Now, on the home page, is a search field:
I really admire Amazon's search engine, where the results are organized by type of object (books separated from CDs, etc), but that's fairly hard to do with most full text search engines. Amazon wrote their own.
Also, most full text search engine use the HTML page title to display the search hit, but that's often not helpful. For example, if you search for a song name, and you get a page that says "Artist: albumname" you may wonder why there's a hit there. I think that the search engine result should display titles relevant to the type of object, ie "matched a song named X from the album Y by artist Z"
I also like search to be really fast. Lots of sites make you wait 10 seconds or more for results. On tile.net a million-hits-a-day site I used to run (and sold to an Internet.com funded dot-com company), fully 30% of the page hits were searches, and I wrote a search engine for that one (at that time, all in C, using dbm files and AOLServer). I really liked the relevant, organized results that I could provide.
So, I wrote my own search engine for Magnatune. It searches several types of data, and thinks about them differently.
In order of importance, the Magnatune search engine looks at (and groups results by):
1) band name
2) album name (and band name, so a search for a band gives their albums too)
3) collection names (from http://magnatune.com/collections/) and the album names that are in each collection, so if you search for "Artemis" you'll see that they're in 4 different collections (Woman Singing Electro Pop, Chillout, etc...)
4) Song names (with the search hit linking to the album page, which displays gives the song names, and also linking to the artist's page). This will help people find artists and albums that they remember a fragment of a song name of.
5) Artist bios (a search for "Artemis" shows you what other bands their musicians play in)
For an example, search for "Artemis"
and you'll get these results:
I plan on adding the documents from the "/info/" section into the search index: currently only information about our artists and their music is in there. That's going to take a bit of work, to clean up the HTML titles so that they're consistently meaningful, as I want to make sure I don't return useless search results.
I'm currently showing a maximum of 5 hits from each category, and displaying a "show all" link when not all the results are given. However, the total number of hits that were found is given (ie, "violin" hits on 58 songs and 21 artist bios)
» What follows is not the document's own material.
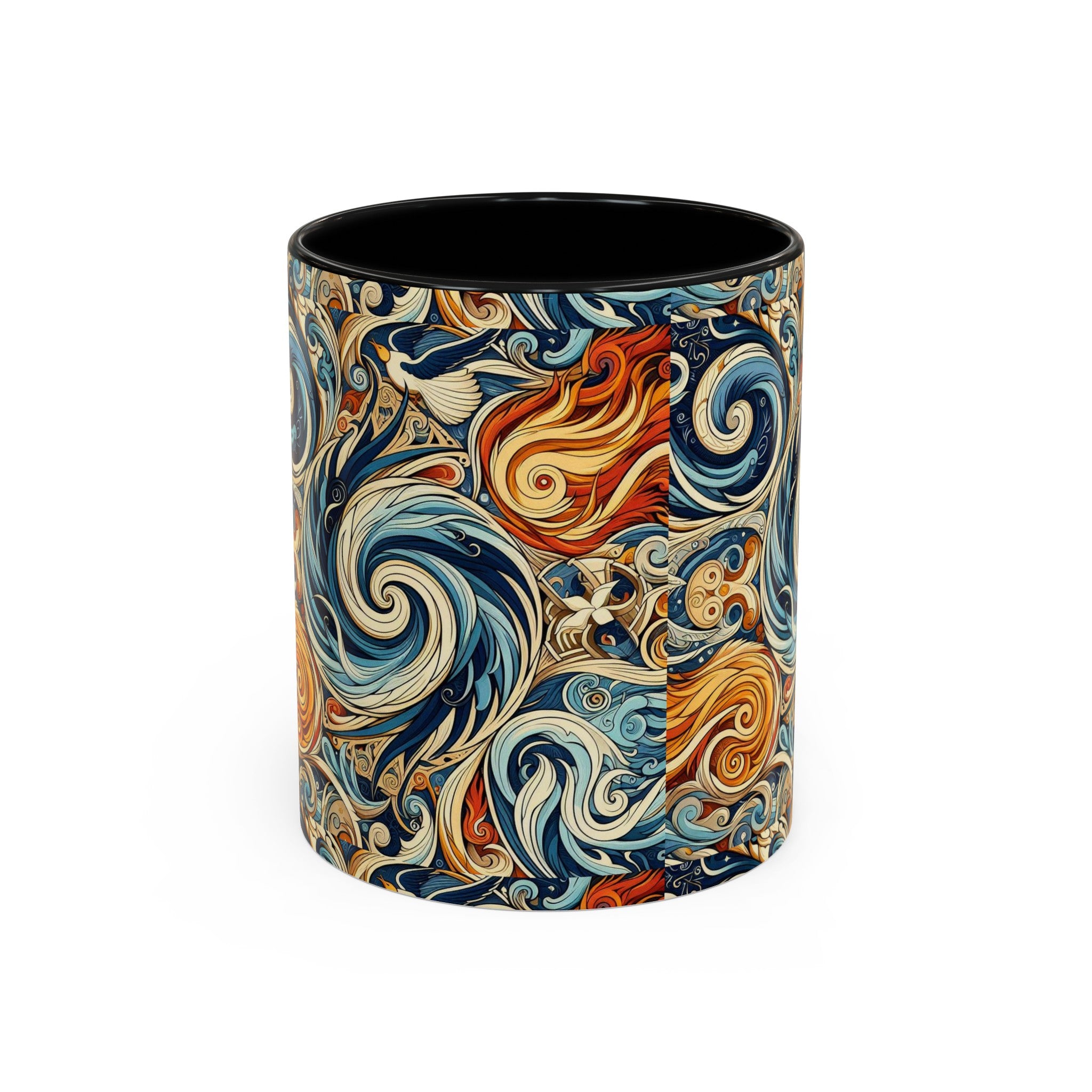 "Earth, Wind & Fire" Accent Coffee Mug (11, 15oz)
For the geeks out there who want the gory details, here they are:
1) I'm using Berkeley DB as the underlining database. They have a *great* Tcl (my programming language of choice) toolkit that almost exactly matches their C API.
2) Benchmarking: I'm getting 760 full text searches per second, on mini very-slow mac mini, from a for() loop just exercising the search. In the real world, web server and other overhead brings that down to 98 full text searches per second. However, that's plenty fast. I even leave noise words like "the" and "and" in, since they're handled quickly and because "the kokoon" then can find artist names with both ("the" is not noise in an album or artist name)
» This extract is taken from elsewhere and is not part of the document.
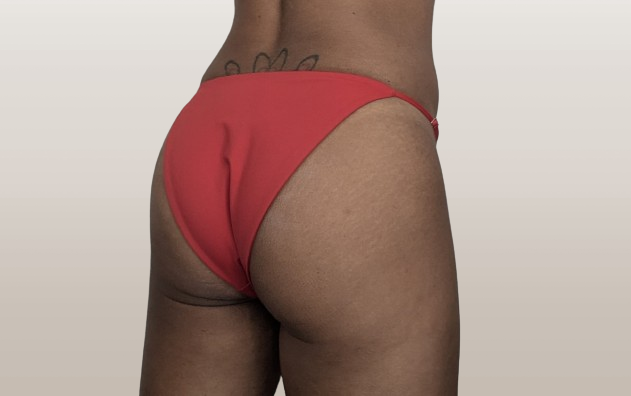 Bas De Bikini Rouge Ajustable Chanty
3) the underlining web application server for the searching is Tclhttpd - the magnatune web site runs on apache. I may switch to AOLserver in the future, as my benchmarks showed 10X faster speeds with mixed HTML/code pages (with Tcl)
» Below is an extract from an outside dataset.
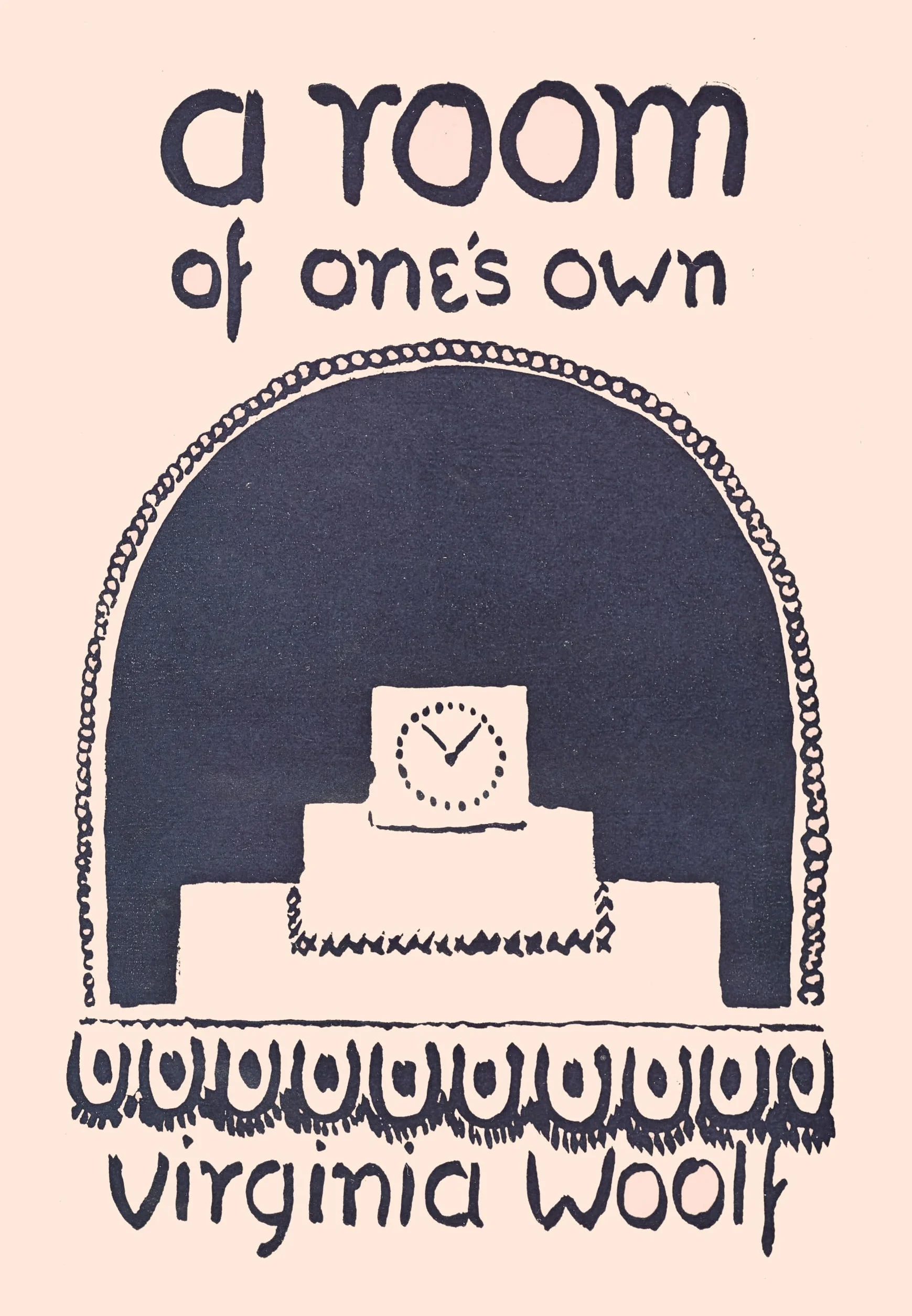 A Room of One's Own: A special edition based on the first edition from the Hogarth Press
4) a separate job creates the indexes, which takes about 3 minutes to build. The web searches work a no-semaphore-lock, read only version of the index files (Berkeley DB really recommends you avoid locking for best performance). Berkeley DB does the caching: I don't cache any results in memory, so that I can handle any size corpus.
5) a simple "inverted index" is used, ie "what pages is this word on? Look up the word, quickly get the pages"
I'm definitely open to feedback and feature requests on this thing. Because it's homemade, I've got a lot of flexibility with what I can do with it.